Task objective >>
Repeat the listing below in full and exactly. Pictures are to be omitted.

The data >>
:::::
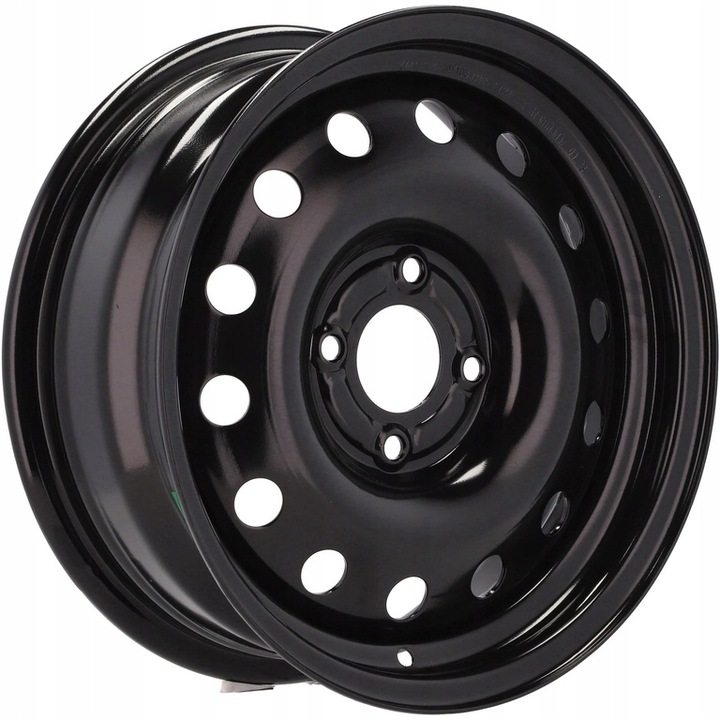 LLANTAS ACERO 15 PARA PEUGEOT 1007 I 106 II 206 SW I CC I + I 207 I CC SW I 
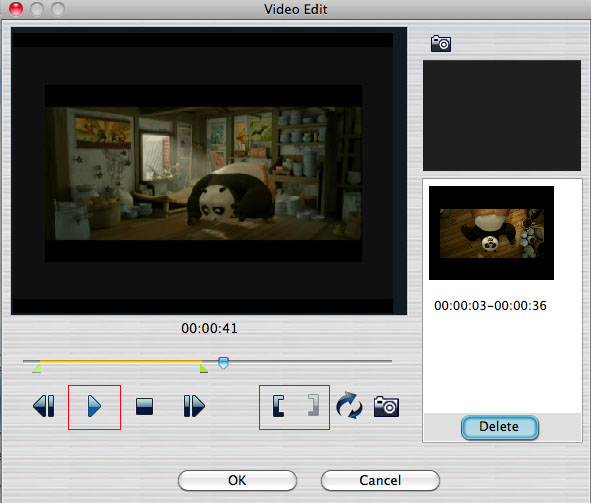 3herosoft MPEG to DVD Burner for Mac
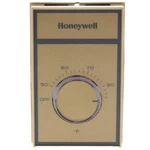 Honeywell T451B3004 Medium Duty Line Voltage Thermostat 120V 50-86F. Fixed Price $72.09.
:::::
Reply to the task >>
 LLANTAS ACERO 15 PARA PEUGEOT 1007 I 106 II 206 SW I CC I + I 207 I CC SW I 
 3herosoft MPEG to DVD Burner for Mac
 Honeywell T451B3004 Medium Duty Line Voltage Thermostat 120V 50-86F. Fixed Price $72.09.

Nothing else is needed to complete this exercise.